Polar bears (Ursus maritimus) depend on sea ice for most aspects of their life history, including access to seals, their main prey. Climate warming induced losses in sea ice are therefore expected to result in a loss of feeding opportunities, with consequent reductions in polar bear body condition, survival, reproduction, and eventually population abundance. To date, no quantitative predictions for changes in body condition, reproduction, or survival under climatic warming exist despite long-term empirical research, largely because historic and predicted sea ice conditions differ substantially, making extrapolation from current observations difficult.
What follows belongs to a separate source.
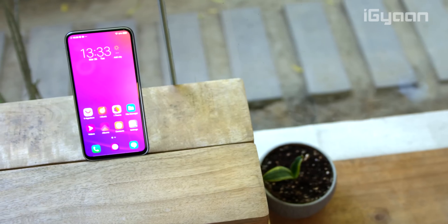What do you think about a phone that is bezel-less, button-less, port-less, and front camera-less?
Here, we develop a mechanistic dynamic energy budget model for adult female polar bears to predict how their body condition and reproductive success would be affected by expected losses in sea ice and feeding opportunities. To this end, we first develop a body composition model that allows estimating the amount of energy stored in the fat and protein reserves of individual bears, given their body mass and body length. Based on the body composition model, we formulate the dynamic energy budget model to track changes in energy stores due to somatic maintenance, movement, and feeding. Applying the models to the population of western Hudson Bay, we give quantitative predictions for changes in adult female energy stores as a function of predicted changes in sea ice dynamics and associated feeding opportunities. Using the predictions for changes in maternal energy stores, we obtain predictions for changes in reproduction under predicted climate change scenarios, specifically regarding the probability of successful pregnancy and expected mean litter size.
We present quantitative predictions for the probabilities of a pregnant female producing zero, one, two, or three cubs as a function of spring sea ice break-up date and on-ice feeding rates. Severe declines in both the probability of reproduction and expected mean litter size can be expected, but the precise rates of change can only be approximated due to a lack of data on current feeding rates.